— ACTIVITY —
Begin at the line that has "(BxTxH); silber QUATRO", stop after the line that has "Charcoal Heather purple", and print exactly those lines from the records below, without any pictures.
*** Opening of DATA FOR THIS TASK ***
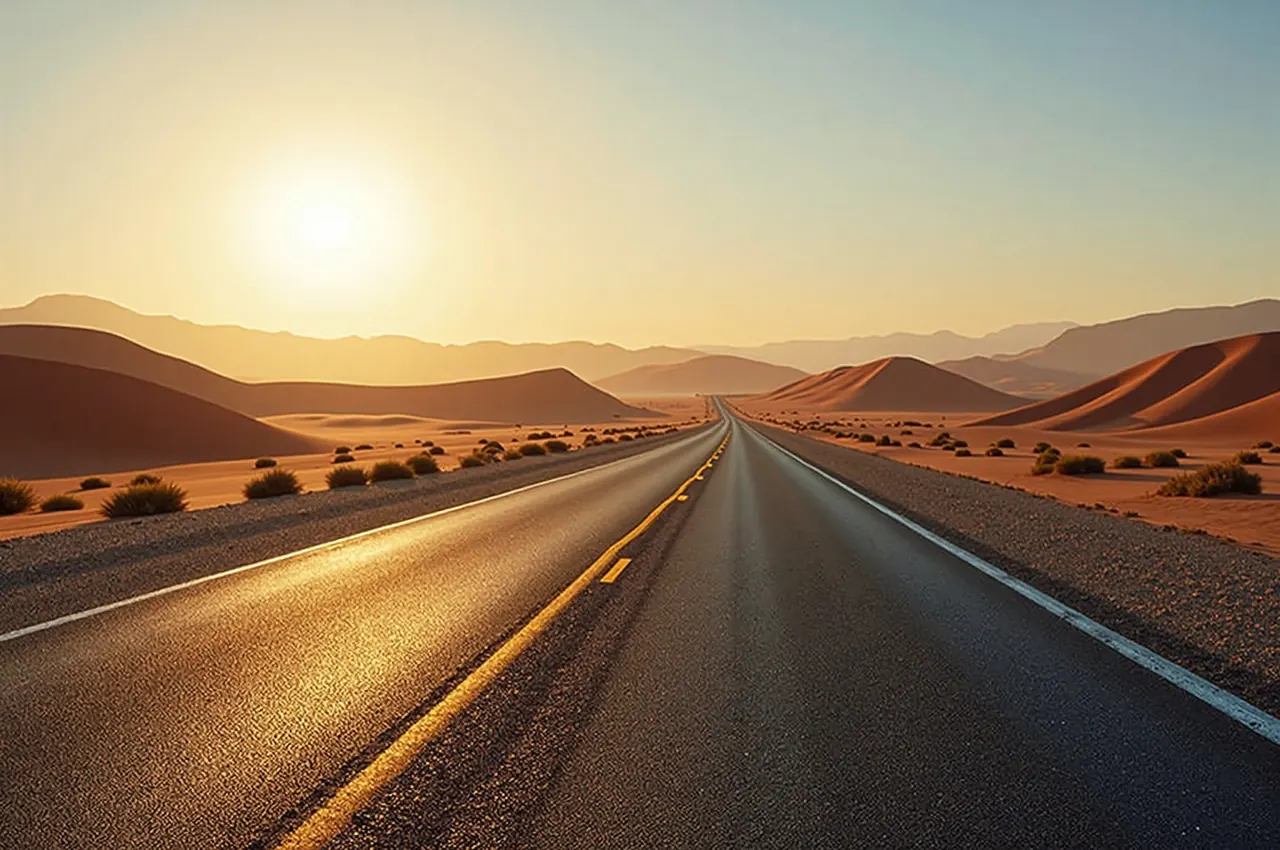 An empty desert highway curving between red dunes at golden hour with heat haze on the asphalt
*** Close of DATA FOR THIS TASK ***
*** Opening of DATA FOR THIS TASK ***
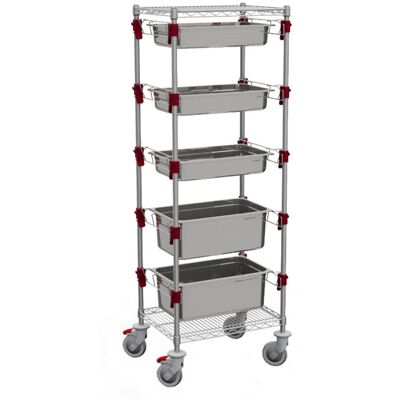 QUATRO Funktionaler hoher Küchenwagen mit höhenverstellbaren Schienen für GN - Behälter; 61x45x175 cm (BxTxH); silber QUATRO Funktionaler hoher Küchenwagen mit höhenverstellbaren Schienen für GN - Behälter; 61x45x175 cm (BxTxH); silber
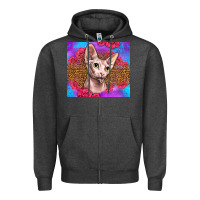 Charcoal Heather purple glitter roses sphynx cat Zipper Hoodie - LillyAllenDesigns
*** Close of DATA FOR THIS TASK ***
— RESPONSE BOX —
 QUATRO Funktionaler hoher Küchenwagen mit höhenverstellbaren Schienen für GN - Behälter; 61x45x175 cm (BxTxH); silber QUATRO Funktionaler hoher Küchenwagen mit höhenverstellbaren Schienen für GN - Behälter; 61x45x175 cm (BxTxH); silber
 Charcoal Heather purple glitter roses sphynx cat Zipper Hoodie - LillyAllenDesigns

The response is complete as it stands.